Vom 22.6.-26.6.2011 traf sich die zukünftige Jazzmusikerszene DEUTSCHLANDS in Dortmund zur 9. Bundesbegegnung Jugend jazzt. Ich hatte die Gelegenheit als Feature des Bremer Preisträgers mitzufahren. Zwar durfte ich beim Wertungsspiel nicht mitmachen, da ich mit meinen 27 Jahren im Verhältnis schon ein alter Sack bin.
Dafür kann ich jetzt als leicht Außenstehender auch diesen Artikel so schreiben.
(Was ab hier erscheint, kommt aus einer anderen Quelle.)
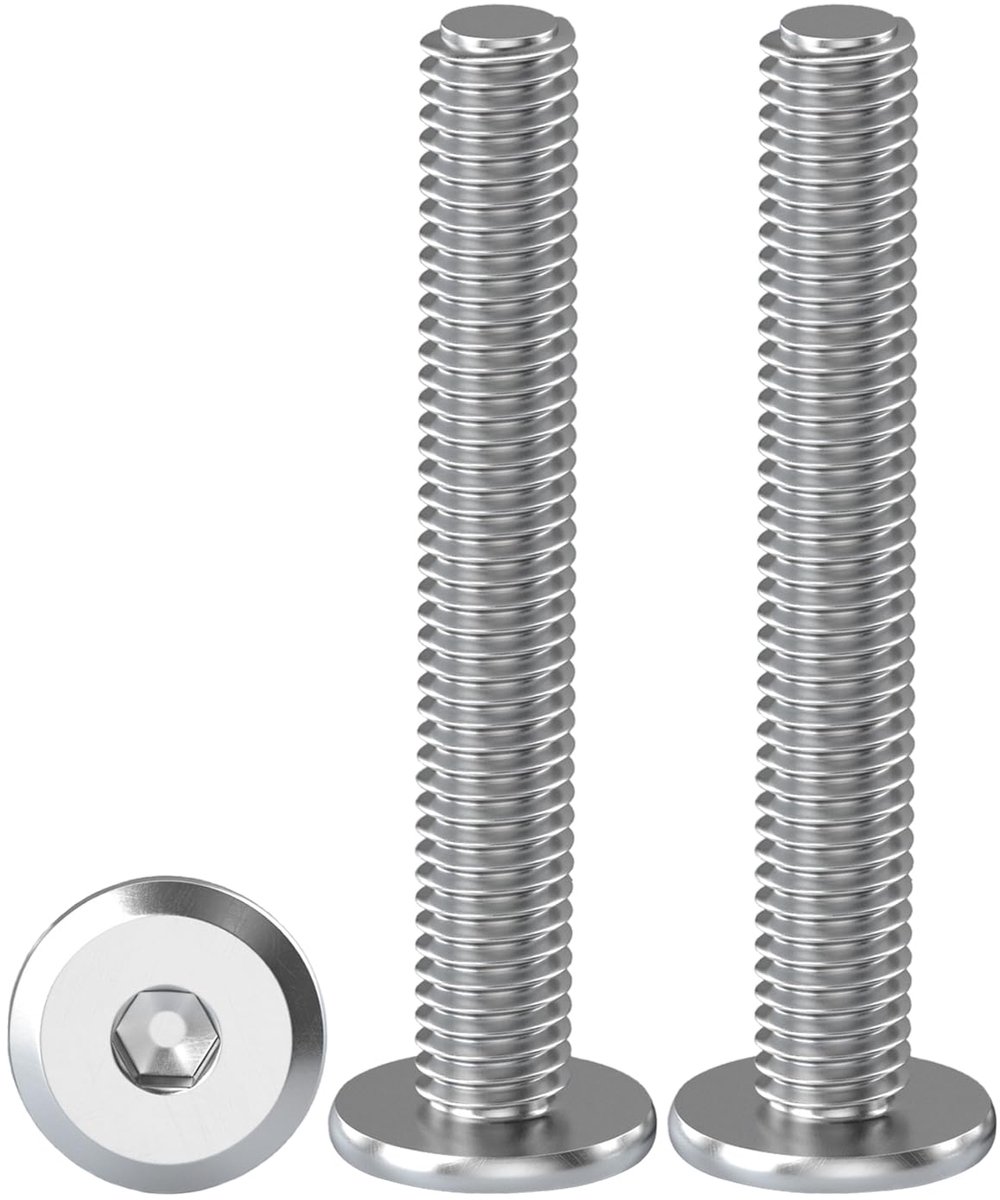 Schroeven M6 x 50 mm platte kop binnenzeskantschroef roestvrij staal A2 V2A halfronde kopschroef met binnenzeskant machineschroeven volledige schroefdraad, 20 stuks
Die Teilnehmer (zwischen 16 und 25) hatten sich über die Landesausscheide für die Bundesbegegnung qualifiziert. Die Besetzungen waren höchst unterschiedlich. Neben traditionellen Quartetten und Trios gab es auch exotischere Besetzungen mit zwei Vibraphonen und Pauken aber auch reduzierteres wie ein Trio aus Bass, Schlagzeug und Gesang oder ein Duo aus Sax und Drums. Ähnlich vielseitig waren die dargebotenen Jazzstilarten. Zwar gab es auch traditionelles, aber eher viel modernes und experimentelles, sowie Jazzrock, Smoothfunk und sogar eine finnische Popband (von der deutschen Schule in Helsinki) traten an. Ebenso waren auch die Hintergründe der Musiker recht unterschiedlich. Es gab einige sehr frische und junge Projekte, andere spielen schon mehrere Jahre zusammen. Es gab reine Schülerbands, aber auch Bands von frisch angenommenen Musikstudenten (also noch nicht im Studium, denn die Studenten dürfen nicht mitmachen).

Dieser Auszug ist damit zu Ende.